In the weeks after the earthquake and tsunami, not every relief agency was taking foreign volunteers, but Peace Boat was both accepting and encouraging. I'd seen the challenges of organizing volunteer help last year when Peter Klick and I went with Rachel Henson and other students to New Orleans to volunteer with Habitat for Humanity and Preservation Resource Center. These organizations have to answer the question: "is it worth the effort to train a series of well- intentioned but unskilled do-gooders, given their limited productivity?" The New Orleans organizations and Peace Boat decided that it was worth it. The reason is the same reason I am writing this post.
The reporter returned her focus to her bowl of cornflakes, from which I gathered the question was meant rhetorically, but I was ready with the answer. I had given, and encouraged others to give, to the Red Cross and Architecture for Humanity, two great organizations with, respectively, immediate and long-term approaches. Many say the best thing to do is give money and otherwise stay out of the way. I get it, let the people with expertise get the job done, and give them the resources with which to do it. I'll continue to donate, but I had the time in April to help, and in the end, we are more than our checkbooks (a good thing in my case).

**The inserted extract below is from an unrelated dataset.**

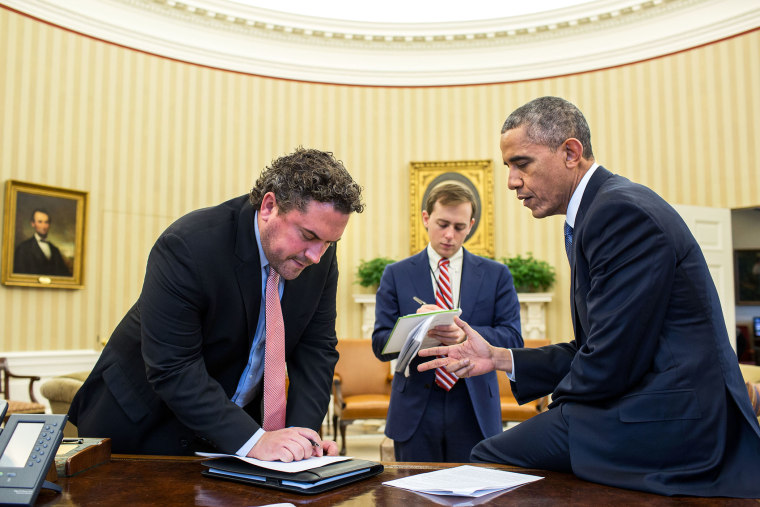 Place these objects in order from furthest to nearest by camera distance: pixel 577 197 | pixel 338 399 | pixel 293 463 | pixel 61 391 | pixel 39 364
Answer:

Peace Boat knows the face-to-face contact, and the relationships formed while doing meaningful work, are an immeasurable source of support in times of need. The past two weeks in Tokyo helped me to realize the importance of the small gestures we make that convey our commitment. I didn't do anything physically or mentally taxing, just a lot of small things, but I think they add to the total (when Shinto brings a deceased into the fold, that spirit becomes part of the kami, or unity of souls, resident in the shrine. It becomes part of something bigger. Totally off-subject, but for a fun manga-inspired version of this kami thing, check out the 2011 movie Glantz).
People who run or walk on behalf of a charity, drop some coins in a donation box, or advocate for a cause, do this. One of the Quakebook stories is titled "Gesture" and it tells the simple story of people going out to direct traffic in their neighborhood when power outages killed the traffic signals after the quake. A small thing, but it was something they could do, and they did it.
Social media is playing an increasing role in every global event. But social media needs personal care. "Curation" is a vogue term these days, so I'll use it: Social media relationships need to be curated, meaning you want to meet the people you talk to online. The planners of the Egyptian uprising met in-person. Calls to action can be communicated via media; action must be done IN PERSON. The relationships I developed in my short time in Japan this spring increased the meaning of my Twitter, Facebook and blog communications exponentially. That's what I mean by curation: meet your contacts and enjoy them as people. I'd venture that the people I met in Japan got more out of it than I did simply because they helped me more than I helped them; this is always the way, right?
I've read news stories and tweets about Tokyo Governor Ishihara, but talking to Haruko and Yusaku over dinner on Sunday after they voted, brings perspective: they sincerely hoped he would be unseated. Not that I have any business talking about Japanese domestic politics, but I agree, the guy has made some unfortunate xenophobic comments. Results came in late that night, Ishihara was re-elected, but the next day I got another perspective. Tom (his Japanese name was a bit longer and harder for me to pronounce, so he introduced himself as Tom) a Japanese financial planner and fellow-volunteer at Peace Boat, told me during our lunch break all the reasons for Ishihara's re-election. I'm still not crazy about Ishihara, but how can I not respect Tom, who helped me in my efforts, translated everything for me, and worked alongside me in whatever needed to be done that day?
A visit to Pink Cow for the ebook Quakebook launch party introduced me to the Tokyo ex-pat community. As you may have guessed, I am a pretty naive, jump-in-the-water admirer of Japanese culture, so the idea of getting together with other Americans in Tokyo to eat Tex-Mex burritos was not the first thing on my agenda. But look at what they did: enlisted Yoko Ono, negotiated with Amazon, and did all the crap you need to do to get a book published, in ONE MONTH. And one hundred percent of the revenue goes to Japan Red Cross. Emphasis: not a percentage of profits, but 100% of the purchase price. And the stories will touch you. $9.99 on Amazon for Kindle (which is an app you can use on iPhone and iPad). Highly recommended; read Chicagoan Christopher Maurer's short essay "Beautiful" and keep going.
I went to a number of affordable benefits and informational events related to the relief efforts, and in every case met people who were helpful and supportive, and people you are just happy to know. Thank you Yumiko, Haruko, Yusaku and Miki! And, for the third time in three visits, I found myself standing at a busy intersection in the densest city in the world, thinking "I am so lucky to be here."
I am wondering what the Dutch reporter will think after her time in the affected prefectures. I missed a lot of U.S. news while I was gone, but saw this statement, in a different context, from President Obama: "We are all connected."